━━━ EXTRACTED DATA ━━━
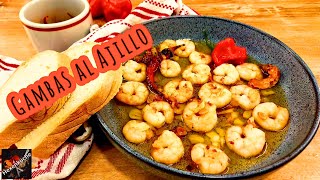 Gambas al Ajillo 🦐 Urlaubsfeeling pur • Scampis in Knoblauchöl als TapasVorspeise oder Haupgericht [upl. by Avik190]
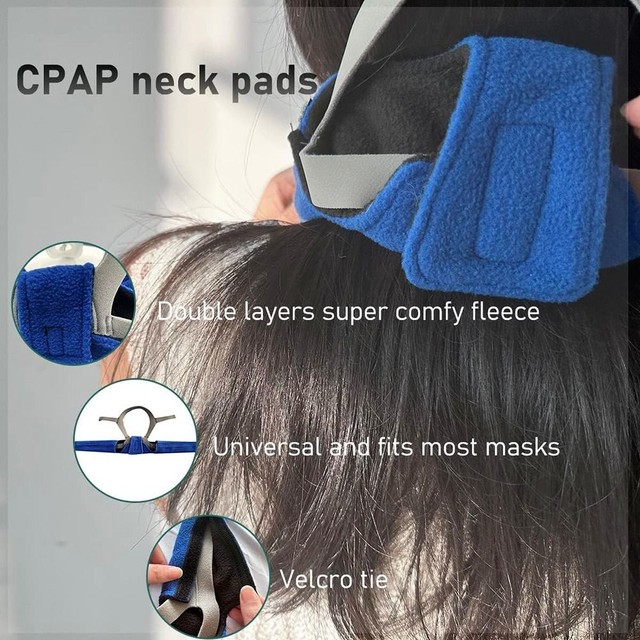 Soft-Fleece CPAP Neck Pad Durable Mask Cover Headgear Straps for Resmed Airfit Soft-Fleece CPAP Neck Pad Durable Mask Cover Headgear Straps for Resmed Airfit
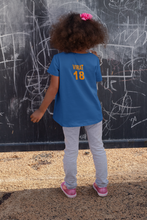 Load image into Gallery viewer, Virat 18 Half Sleeves T-Shirt For Girls -KidsFashionVilla
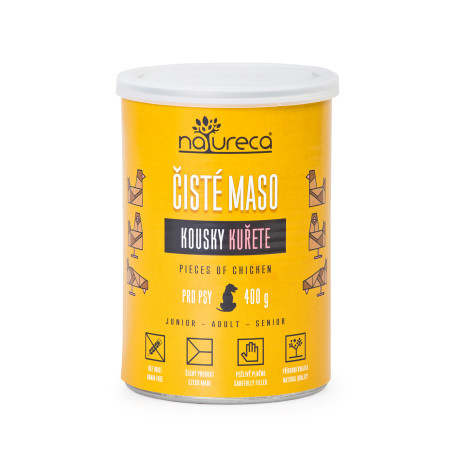 NATURECA konz. kuřecí kousky pro psy 400g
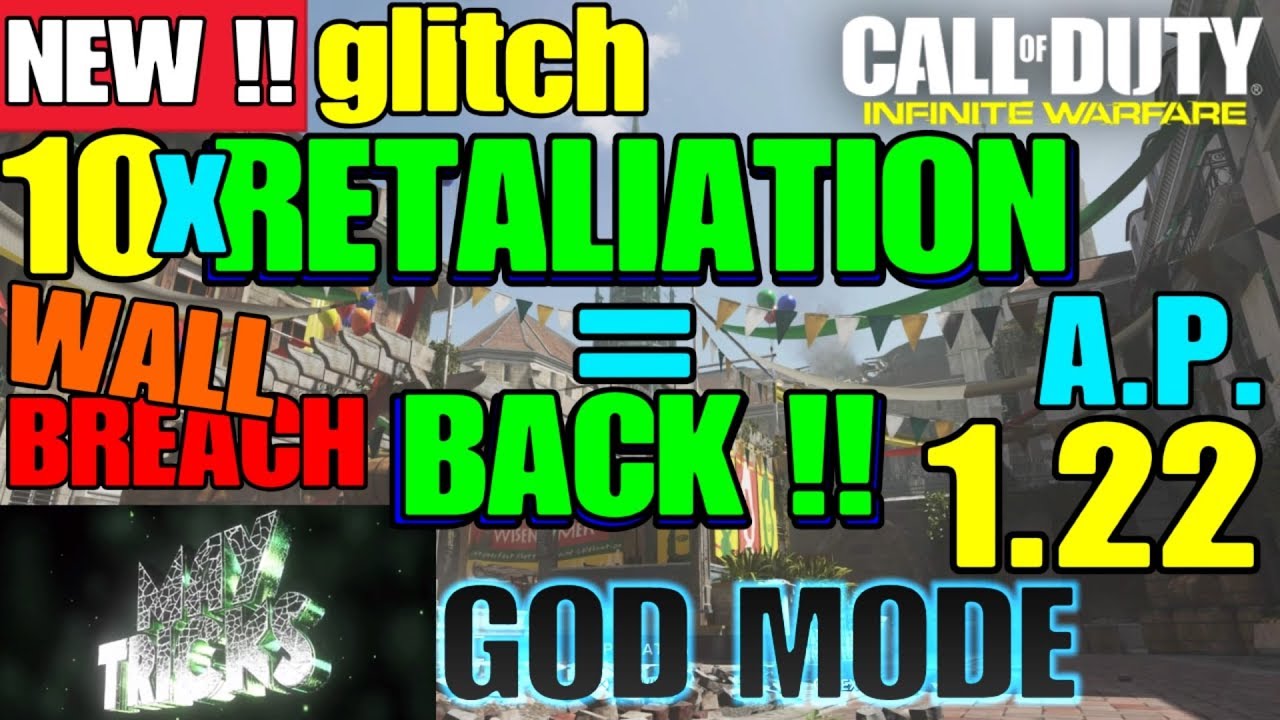 COD IW INFINITE WARFARE NEW GLITCH *RETALIATION* 10 X WALLBREACH AFTER PATCH 1.20 PS4 XB1 PC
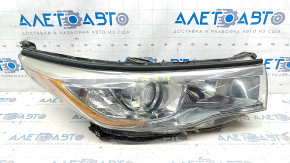 Far dreapta fata Toyota Highlander 14-16 gol cu halogen inchis, nisip, suport rupt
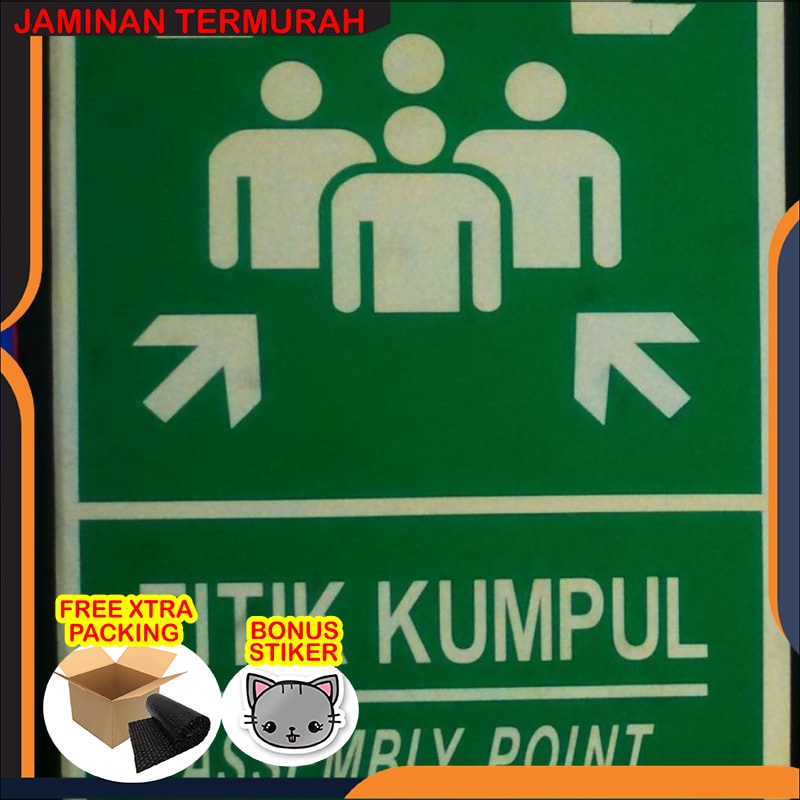 

Grosir Rambu titik kumpul assembly point. bisa custom design bebas Elegan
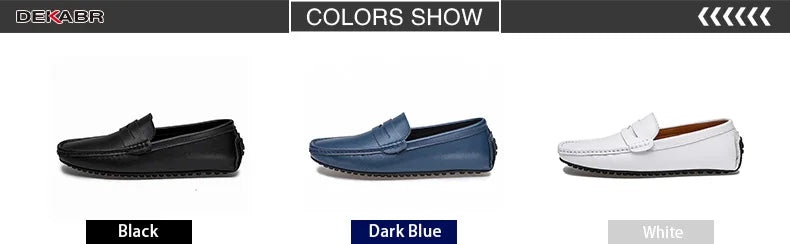 DEKABR Loafers Shoes Men Fashion Shoes New Spring Comfy Men's Flats Moccasins Classic Original Leather Men Casual Shoes - Sun Studio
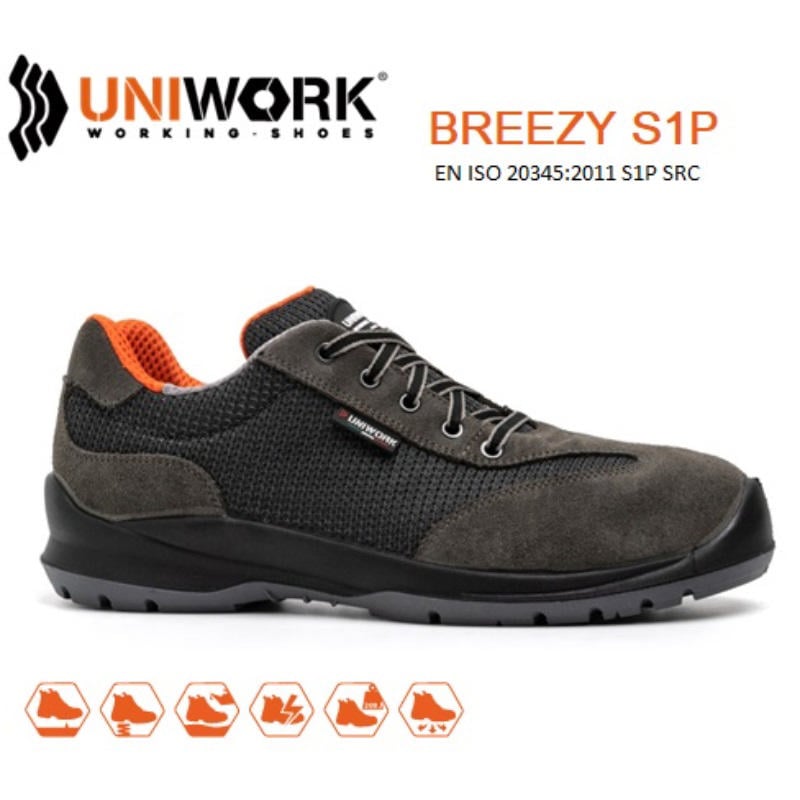Uniwork İş Güvenliği Ayakkabısı S1P Breezy 42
━━━
TASK OBJECTIVE:
Could you give back the full listing word for word, leaving out the images?

RESPONSE TO THE TASK:
 Gambas al Ajillo 🦐 Urlaubsfeeling pur • Scampis in Knoblauchöl als TapasVorspeise oder Haupgericht [upl. by Avik190]
 Soft-Fleece CPAP Neck Pad Durable Mask Cover Headgear Straps for Resmed Airfit Soft-Fleece CPAP Neck Pad Durable Mask Cover Headgear Straps for Resmed Airfit
 Load image into Gallery viewer, Virat 18 Half Sleeves T-Shirt For Girls -KidsFashionVilla
 NATURECA konz. kuřecí kousky pro psy 400g
 COD IW INFINITE WARFARE NEW GLITCH *RETALIATION* 10 X WALLBREACH AFTER PATCH 1.20 PS4 XB1 PC
 Far dreapta fata Toyota Highlander 14-16 gol cu halogen inchis, nisip, suport rupt

Grosir Rambu titik kumpul assembly point. bisa custom design bebas Elegan
 DEKABR Loafers Shoes Men Fashion Shoes New Spring Comfy Men's Flats Moccasins Classic Original Leather Men Casual Shoes - Sun Studio
Uniwork İş Güvenliği Ayakkabısı S1P Breezy 42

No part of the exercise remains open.